Input for this task:
—————

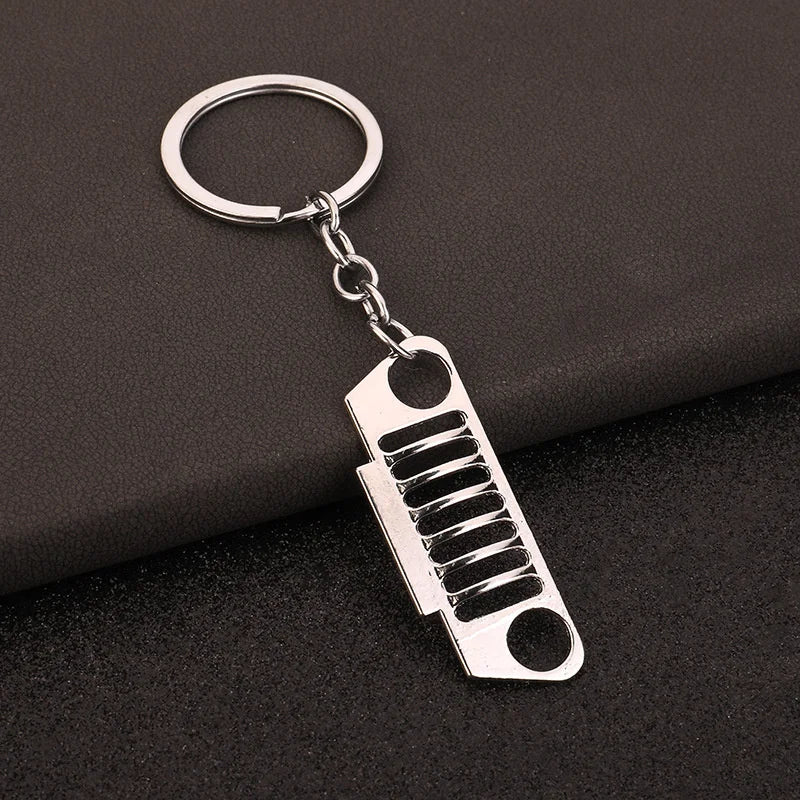 Creative Gear Head Keychain – Turbo Gearbox Car Keyring Gift
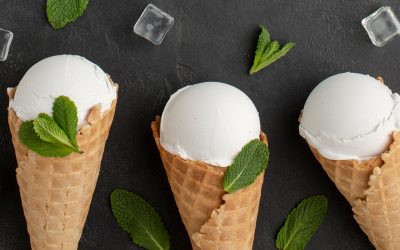 Χαρακτηριστικά του καλού παγωτού σε μία σωστή βιτρίνα
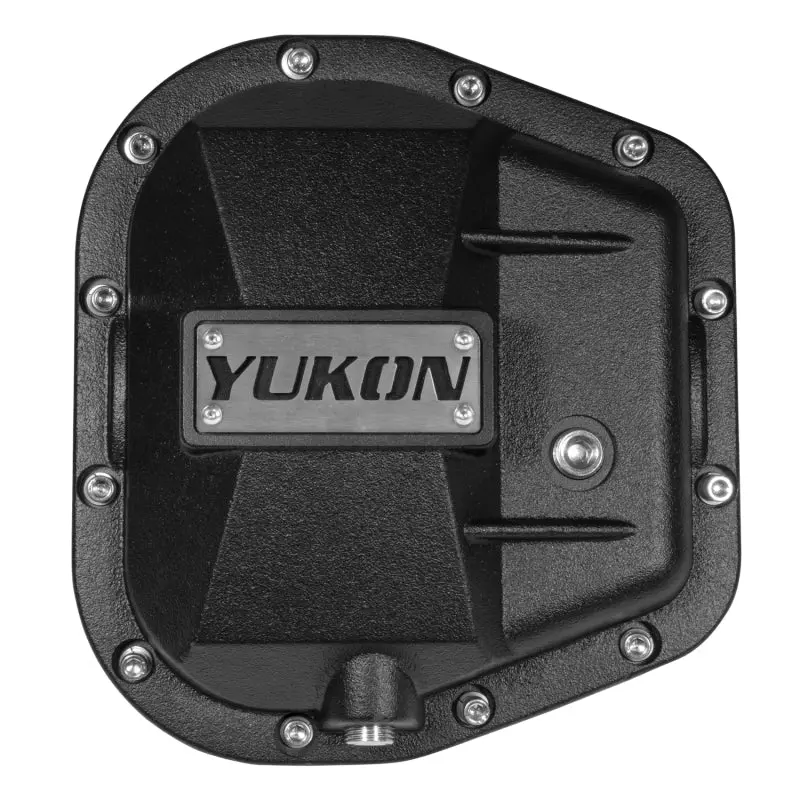 Yukon Gear Heavy-Duty Differential Cover For 1997–2017 Ford E150 Rear Axle (9.75") 1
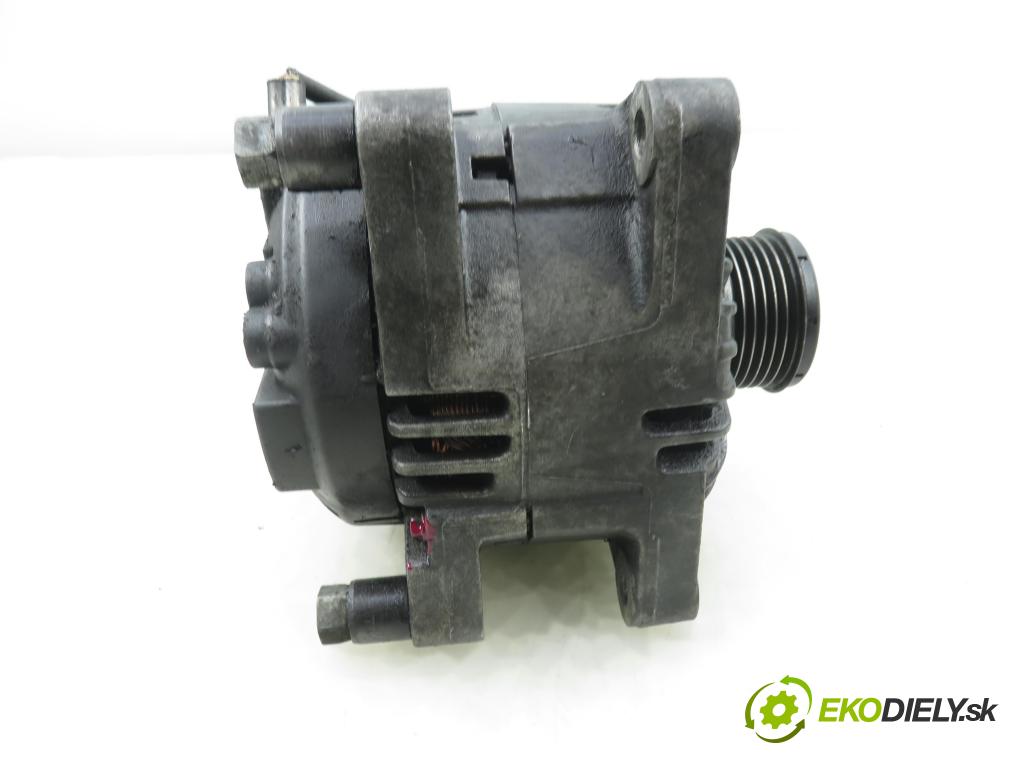 PEUGEOT 206 liftback (2A/C) HB 2005 51,00 1.4 HDi - 8HX (DV4TD) 1398,00 Alternátor 9646321780 (Alternátor)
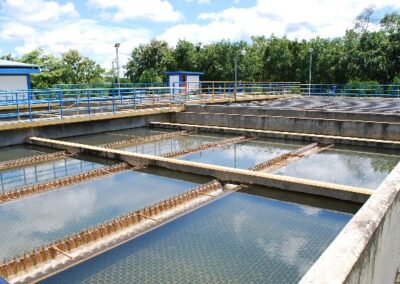 Santiago water treatment Plant (Veraguas, Panama)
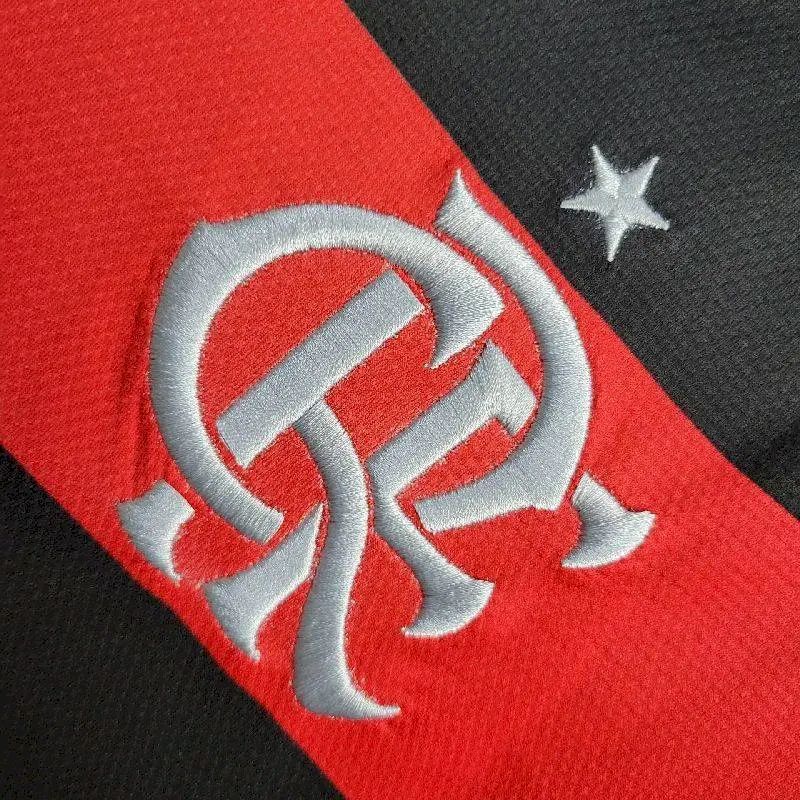 Flamengo 2024/25 Home Long Sleeves Jersey - Image 8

—————

Instructions to follow: When you output the entries, keep each line exactly as it is and leave out any pictures.

Task solution:
 Creative Gear Head Keychain – Turbo Gearbox Car Keyring Gift
 Χαρακτηριστικά του καλού παγωτού σε μία σωστή βιτρίνα
 Yukon Gear Heavy-Duty Differential Cover For 1997–2017 Ford E150 Rear Axle (9.75") 1
 PEUGEOT 206 liftback (2A/C) HB 2005 51,00 1.4 HDi - 8HX (DV4TD) 1398,00 Alternátor 9646321780 (Alternátor)
 Santiago water treatment Plant (Veraguas, Panama)
 Flamengo 2024/25 Home Long Sleeves Jersey - Image 8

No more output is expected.